For when I kept silent, my bones wasted away
    through my groaning all day long.
For day and night your hand was heavy upon me;
    my strength was dried up as by the heat of summer. Selah

I acknowledged my sin to you,
    and I did not cover my iniquity;
I said, “I will confess my transgressions to the Lord,”
    and you forgave the iniquity of my sin. Selah

Therefore let everyone who is godly
    offer prayer to you at a time when you may be found;
surely in the rush of great waters,
    they shall not reach him.
You are a hiding place for me;
    you preserve me from trouble;
    you surround me with shouts of deliverance. Selah

I will instruct you and teach you in the way you should go;
    I will counsel you with my eye upon you.
 Be not like a horse or a mule, without understanding,
    which must be curbed with bit and bridle,
    or it will not stay near you.

Many are the sorrows of the wicked,
    but steadfast love surrounds the one who trusts in the Lord.
 Be glad in the Lord, and rejoice, O righteous,
    and shout for joy, all you upright in heart!

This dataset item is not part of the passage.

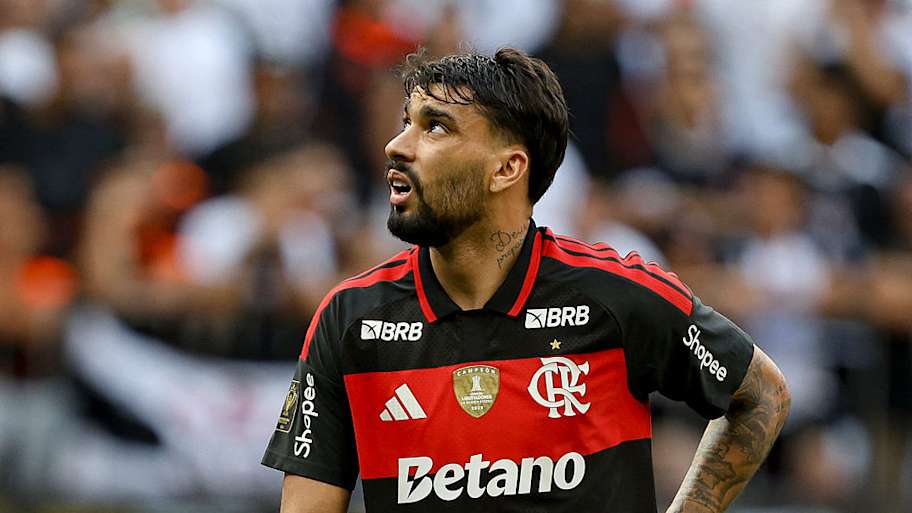 Lucas Paquetá completó una vuelta récord. | Sergio Lima/AFP/Getty Images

May God bless your 2019 with growth!

Tuesday, December 18, 2018

Lessons from Ireland: Abide

This summer Paul and I had the joy of traveling with good friends to Ireland.  Ireland is a beautiful country with stunning scenery, a fascinating history, and lovely people. We stayed at a B&B on Inch Beach. The view from the breakfast room window was stunning, but when we entered the building the words on this bronze wall hanging caught my eye: “Bidden, or unbidden, God is present.”

I can relate to this idea that God’s presence among us is not dependent on our request.  He does not wait for us to be ready. He does not expect us to clean and decorate our hearts. He does not wait for us to welcome Him. He dwells among us in His love, in His Son, in His Spirit. God abides with us, and because of this, we abide in Him.

To abide is to remain. When Jesus came to earth, He remained for a lifetime. He lived a human life and knew our joys and struggles. He returned to heaven, yet He abides with us through His word. In heaven, or on earth, God is present.

To abide is to wait. Now, we await His return with eager anticipation. We want to abandon this world and one day abide with Jesus in heaven. In working, or in waiting, we have hope.

To abide is to rest. The world careens around us, but in Him, we find rest for our weariness. The peace of a newborn Jesus abides with us, even in the midst of turmoil. In easy times or struggle, God is peace.

As the Father has loved Me, so have I loved you. Abide in my love. John 15:9

Because of this abiding, this love, this joy, we can look forward to the year to come with eagerness and courage. Jesus came to earth as an infant to abide with us: salvation is won, and our hope is secure. I pray His peace, strength, and love abide with you in the coming year.